- _ASSIGNMENT_
Using the listing below, set down exactly the lines from the one that contains "istock Glowing bitcoin" through the one that contains "SHARK BASIC OVER", with no pictures.

RECORDS PROVIDED Block Start

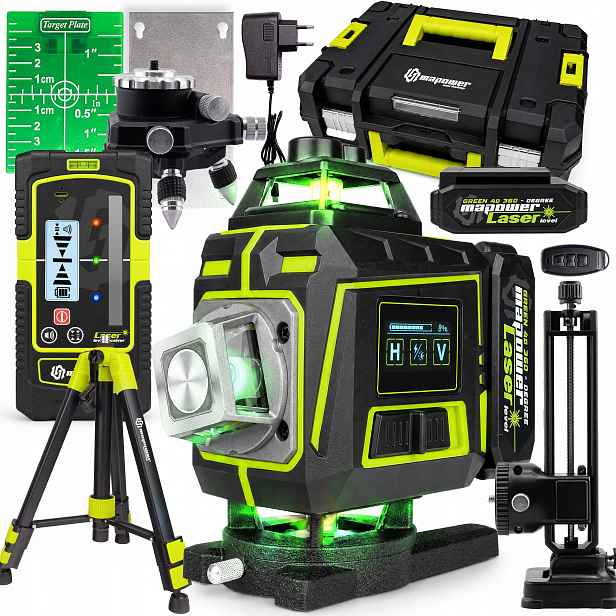 Křížový Laser Laserová Vodováha 360 Rovinná Zelená Pro Detektor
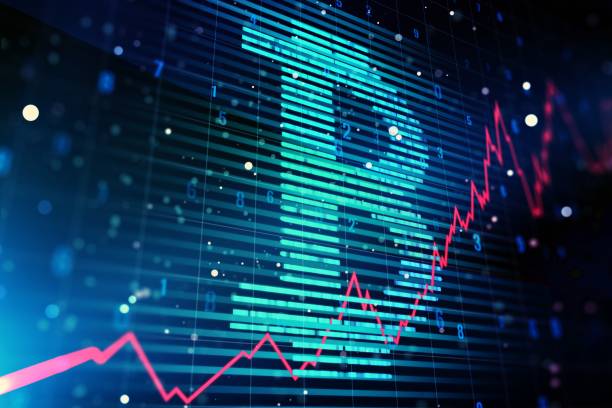 istock Glowing bitcoin symbol hologram on blue background. 3D Rendering 1218501890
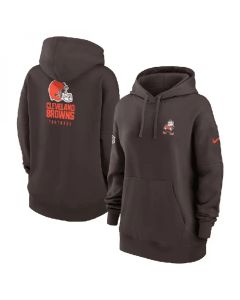 Women's Cleveland Browns Brown Sideline Club Fleece Pullover Hoodie(Run Small)
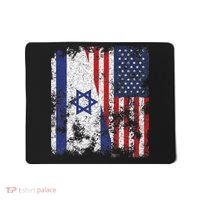 Israel USA Flag Distressed Half American Mousepad thumb 0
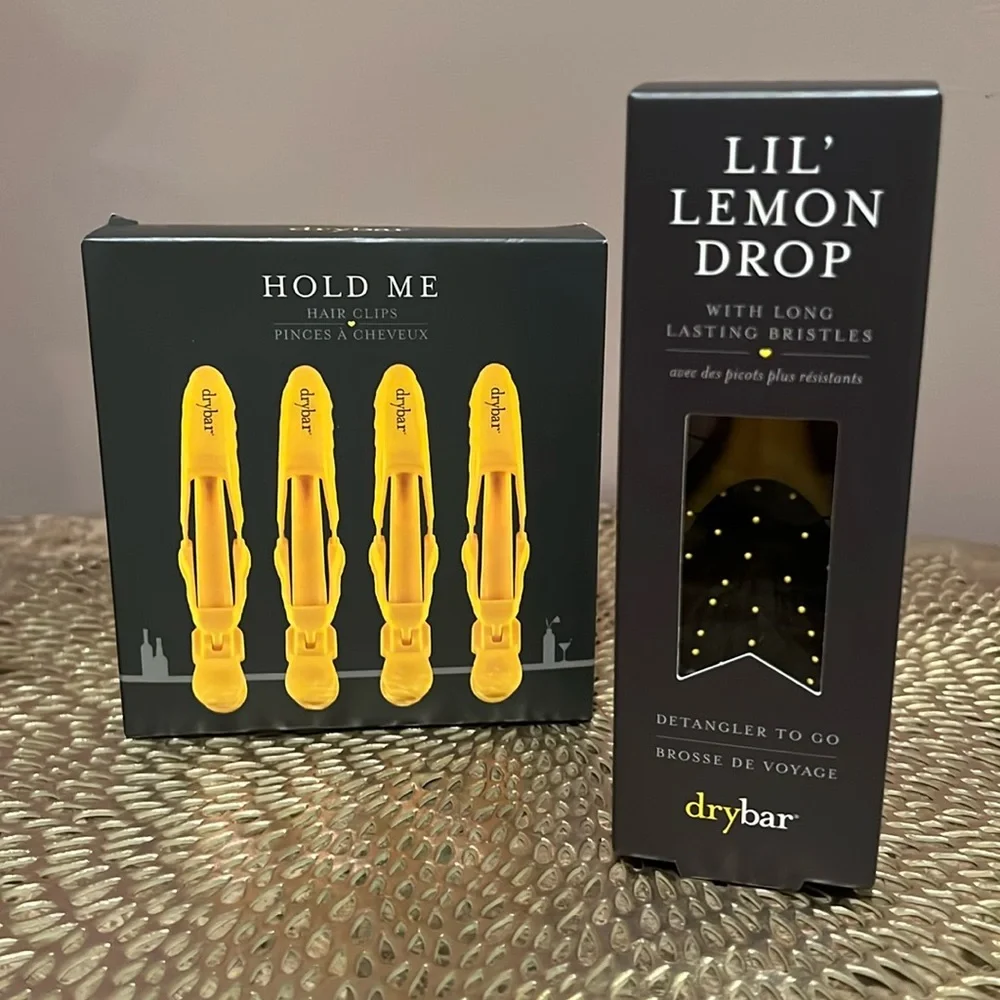 Drybar Hold Me Hair Clips and Lil’ Lemon Drop Detangler To Go Bundle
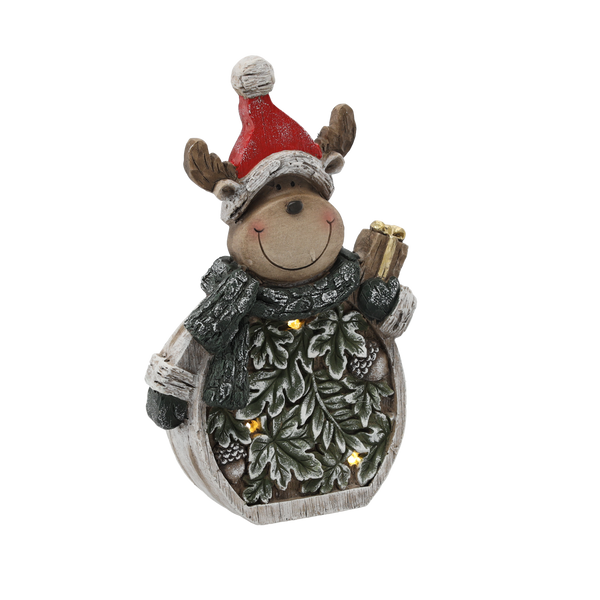 FIGURINE OF THE NATIVITY - REINDEER WITH LEAVES 24 X 9.5 X 38.5 CM LED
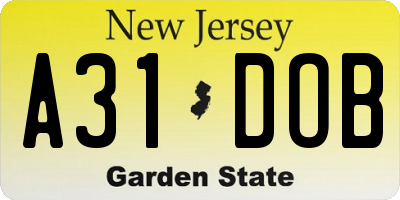 NJ license plate A31DOB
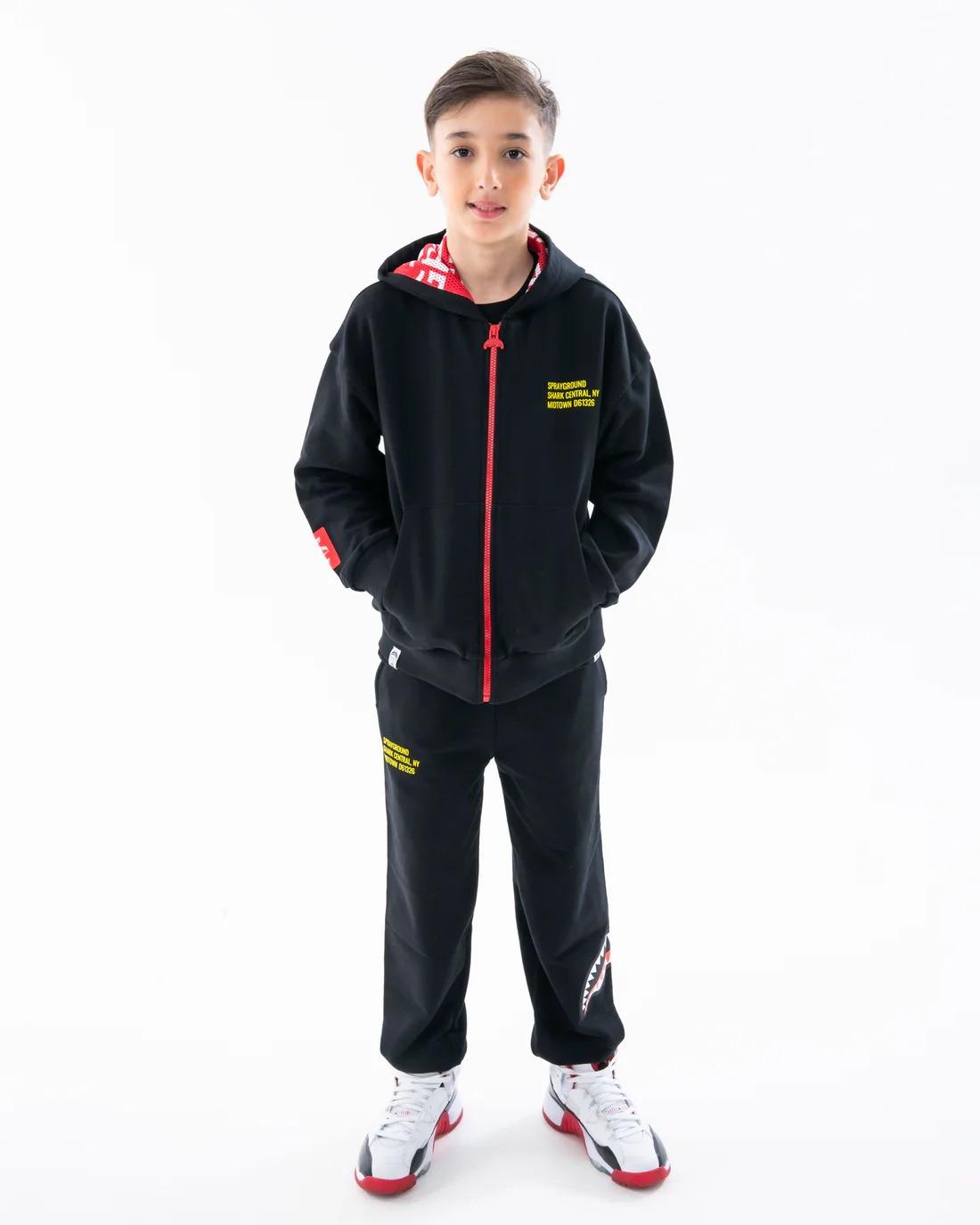 SHARK BASIC OVER FULLZIP HOODIE BLK SPY1385ELBLK BLACK SPRAYGROUND 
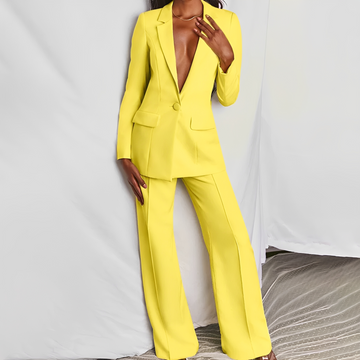 Damen Anzug Set Blazer und Weite Hose - Schlanker Schnitt mit Reverskragen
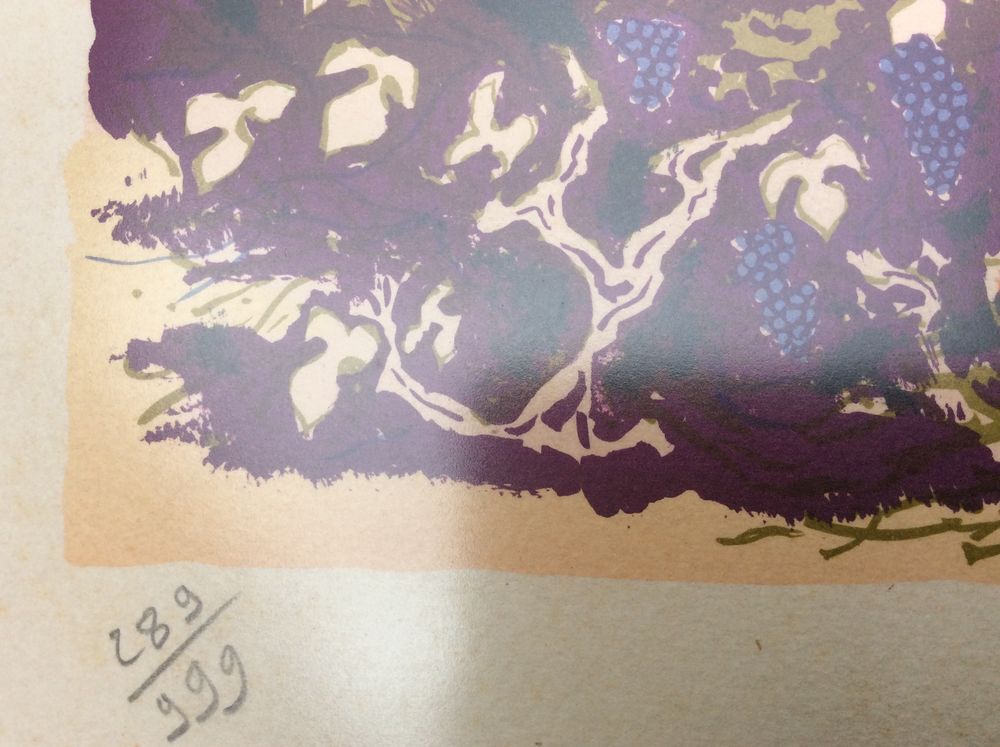 Dany Lartigue lithographie Vignoble num&eacute;rot&eacute;e Décoration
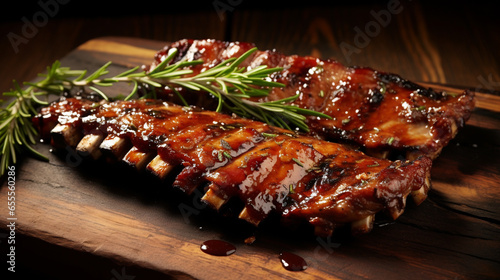 Wallpaper Mural Delicious barbecued ribs seasoned with a spicy basting sauce and served with chopped fresh herbs on an old rustic wooden chopping board dark background Torontodigital.ca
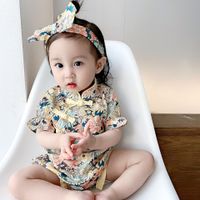 Cute Princess Fashion Chinese Style Newborn Baby Triangle Bag Romper sku image 1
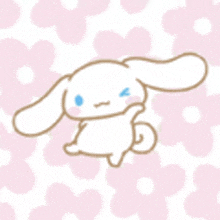 cinnamoroll is a white bunny with blue eyes on a pink and white background .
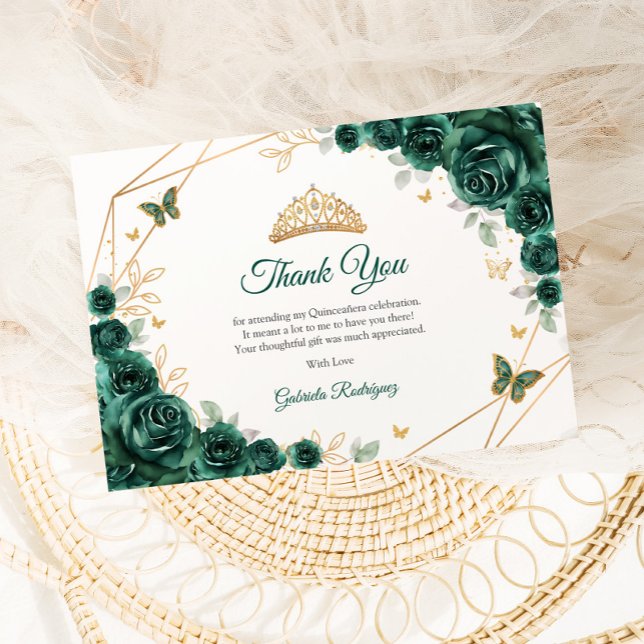 Carte De Remerciements Emerald Gold Floral Quinceanera (Créateur téléchargé)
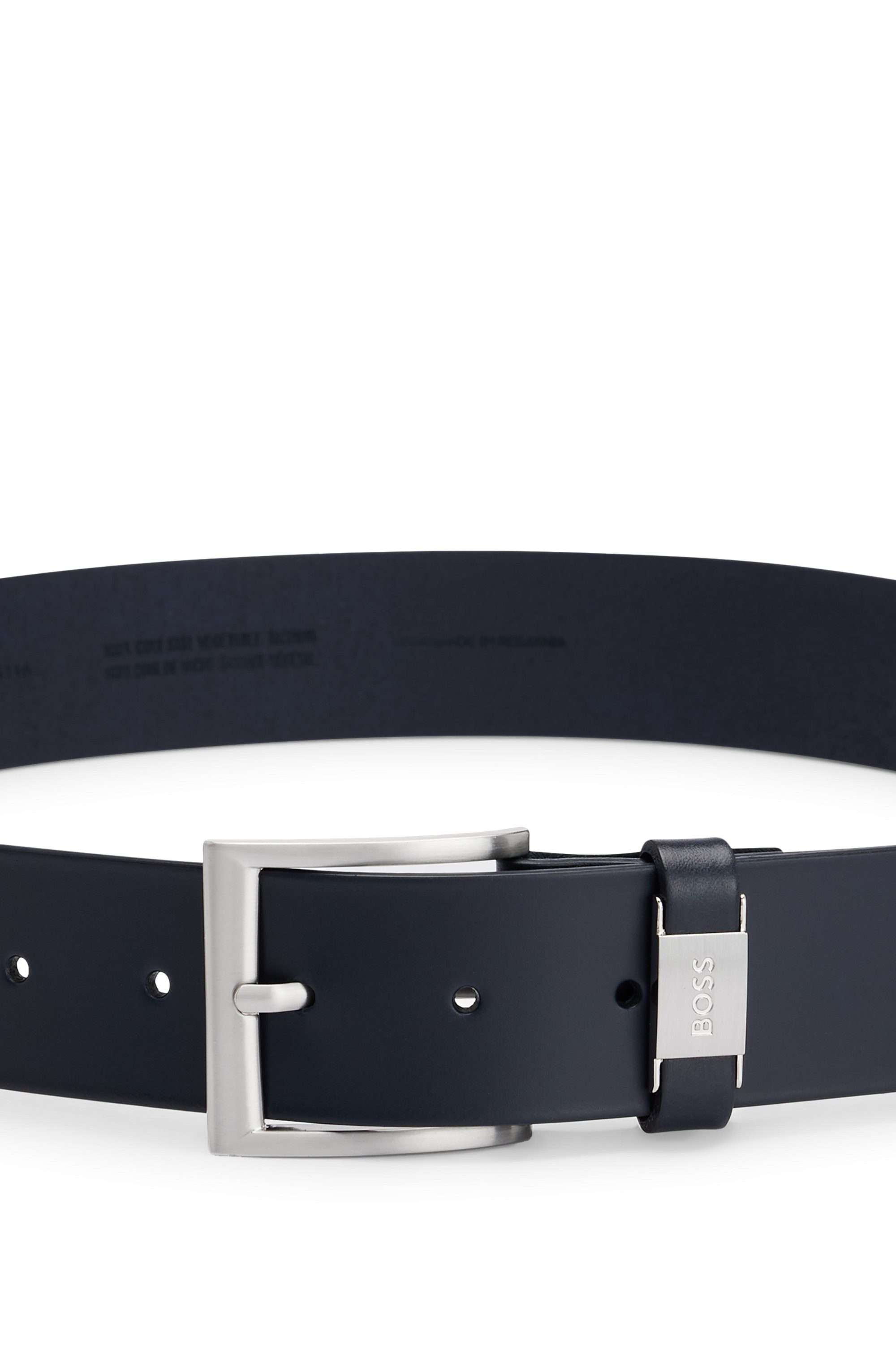Boss Leren riem Connio zilverkleurige sluiting & logo-tekst op de lus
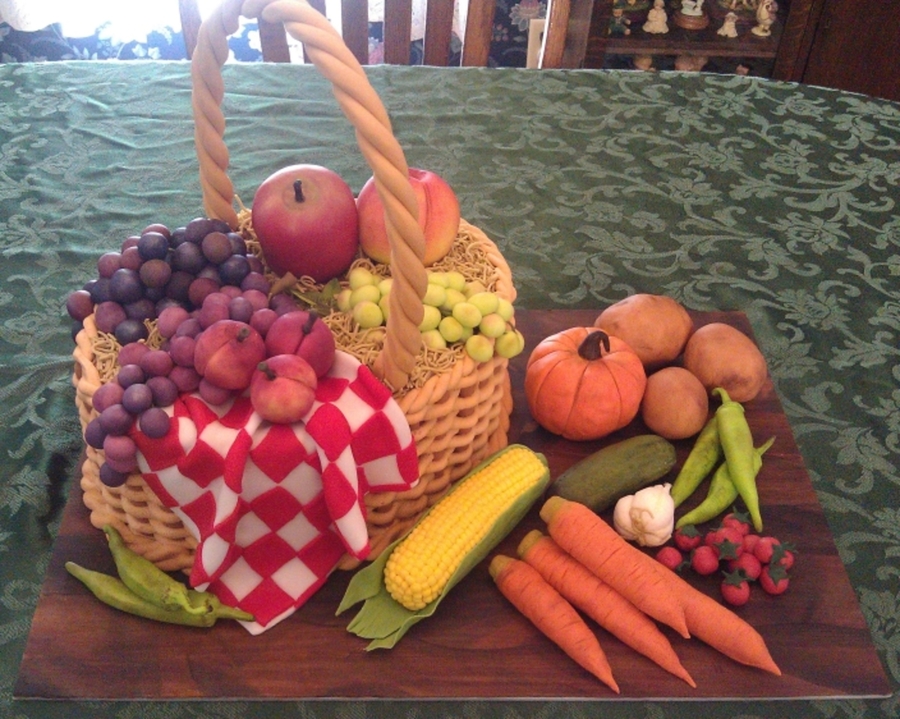 Fruit Basket Cake 1 - CakeCentral.com
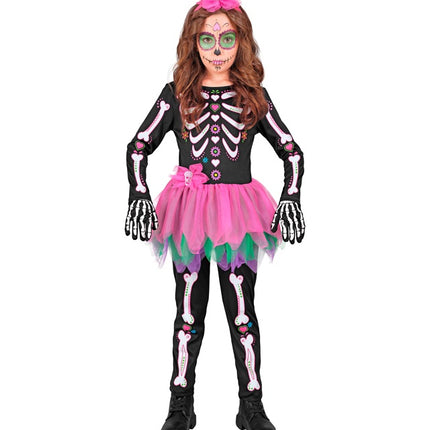 Costume de squelette Noir Rose Enfant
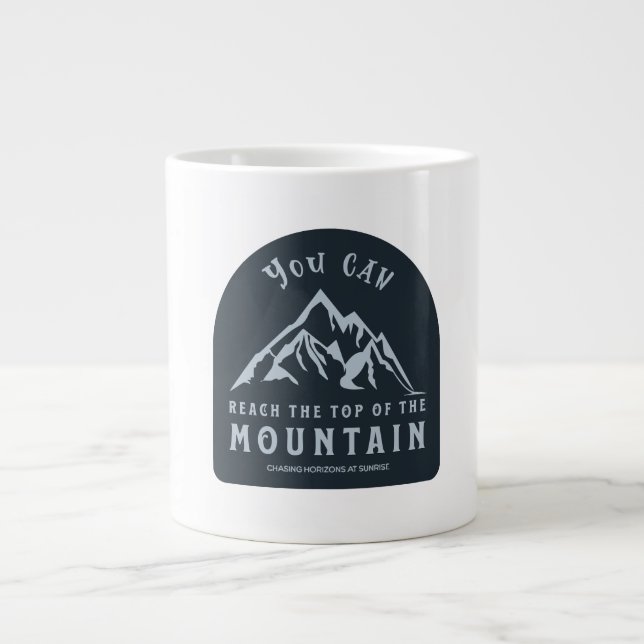 Caneca De Café Grande Alcance o topo da montanha (Frente)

RECORDS PROVIDED Block End

- _OUTPUT OF THE EXERCISE_
 istock Glowing bitcoin symbol hologram on blue background. 3D Rendering 1218501890
 Women's Cleveland Browns Brown Sideline Club Fleece Pullover Hoodie(Run Small)
 Israel USA Flag Distressed Half American Mousepad thumb 0
 Drybar Hold Me Hair Clips and Lil’ Lemon Drop Detangler To Go Bundle
 FIGURINE OF THE NATIVITY - REINDEER WITH LEAVES 24 X 9.5 X 38.5 CM LED
 NJ license plate A31DOB
 SHARK BASIC OVER FULLZIP HOODIE BLK SPY1385ELBLK BLACK SPRAYGROUND 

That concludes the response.